──────── Dataset ────────

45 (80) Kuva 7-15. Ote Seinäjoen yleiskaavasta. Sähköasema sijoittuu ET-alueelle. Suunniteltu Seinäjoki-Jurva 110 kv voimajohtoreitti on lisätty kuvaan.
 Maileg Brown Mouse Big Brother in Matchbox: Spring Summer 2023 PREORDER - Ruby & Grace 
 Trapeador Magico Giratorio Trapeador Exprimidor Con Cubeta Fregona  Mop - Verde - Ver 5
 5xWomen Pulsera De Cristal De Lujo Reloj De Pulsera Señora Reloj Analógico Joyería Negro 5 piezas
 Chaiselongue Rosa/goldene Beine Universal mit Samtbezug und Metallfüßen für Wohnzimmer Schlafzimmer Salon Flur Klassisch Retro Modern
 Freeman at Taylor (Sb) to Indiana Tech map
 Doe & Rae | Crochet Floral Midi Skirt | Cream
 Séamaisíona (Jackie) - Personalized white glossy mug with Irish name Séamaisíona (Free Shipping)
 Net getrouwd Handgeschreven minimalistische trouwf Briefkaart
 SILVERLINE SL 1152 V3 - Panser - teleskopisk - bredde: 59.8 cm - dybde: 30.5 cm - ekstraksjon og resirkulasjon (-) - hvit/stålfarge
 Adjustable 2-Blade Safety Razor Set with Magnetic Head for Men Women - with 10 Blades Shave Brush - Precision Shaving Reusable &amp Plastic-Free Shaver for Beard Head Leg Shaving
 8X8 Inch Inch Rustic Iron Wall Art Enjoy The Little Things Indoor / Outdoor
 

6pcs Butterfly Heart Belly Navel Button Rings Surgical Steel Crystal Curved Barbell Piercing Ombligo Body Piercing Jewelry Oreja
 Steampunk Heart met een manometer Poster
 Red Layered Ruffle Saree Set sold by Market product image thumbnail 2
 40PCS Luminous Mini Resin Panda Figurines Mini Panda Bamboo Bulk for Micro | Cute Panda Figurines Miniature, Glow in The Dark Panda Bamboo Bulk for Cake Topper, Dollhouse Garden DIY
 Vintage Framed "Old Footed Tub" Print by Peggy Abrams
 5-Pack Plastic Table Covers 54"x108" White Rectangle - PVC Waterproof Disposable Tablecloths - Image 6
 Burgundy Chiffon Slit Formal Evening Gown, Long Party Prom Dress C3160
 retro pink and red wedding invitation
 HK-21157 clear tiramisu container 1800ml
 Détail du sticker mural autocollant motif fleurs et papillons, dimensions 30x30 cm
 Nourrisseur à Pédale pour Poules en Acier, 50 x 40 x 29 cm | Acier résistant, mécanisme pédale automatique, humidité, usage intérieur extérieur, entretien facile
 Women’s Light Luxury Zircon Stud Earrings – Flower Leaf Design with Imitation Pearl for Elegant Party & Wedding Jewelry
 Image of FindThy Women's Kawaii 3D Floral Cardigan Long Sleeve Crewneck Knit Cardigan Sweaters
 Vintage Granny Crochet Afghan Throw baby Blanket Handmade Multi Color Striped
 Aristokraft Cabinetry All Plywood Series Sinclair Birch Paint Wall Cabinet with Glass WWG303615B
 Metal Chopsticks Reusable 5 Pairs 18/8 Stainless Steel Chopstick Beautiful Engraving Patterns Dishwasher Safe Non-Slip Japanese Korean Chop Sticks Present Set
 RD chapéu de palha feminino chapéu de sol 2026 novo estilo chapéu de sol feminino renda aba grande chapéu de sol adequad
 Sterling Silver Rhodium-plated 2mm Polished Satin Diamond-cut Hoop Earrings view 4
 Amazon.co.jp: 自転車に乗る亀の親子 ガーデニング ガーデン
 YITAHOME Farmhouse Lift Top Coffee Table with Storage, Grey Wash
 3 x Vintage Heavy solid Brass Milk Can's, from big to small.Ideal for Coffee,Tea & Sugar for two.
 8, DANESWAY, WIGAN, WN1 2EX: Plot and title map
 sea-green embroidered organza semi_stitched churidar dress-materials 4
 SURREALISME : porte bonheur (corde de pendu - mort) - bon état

────────

Exercise goal: If a line above contains the word "Reusable", list it.

Task output:
 Adjustable 2-Blade Safety Razor Set with Magnetic Head for Men Women - with 10 Blades Shave Brush - Precision Shaving Reusable &amp Plastic-Free Shaver for Beard Head Leg Shaving
 Metal Chopsticks Reusable 5 Pairs 18/8 Stainless Steel Chopstick Beautiful Engraving Patterns Dishwasher Safe Non-Slip Japanese Korean Chop Sticks Present Set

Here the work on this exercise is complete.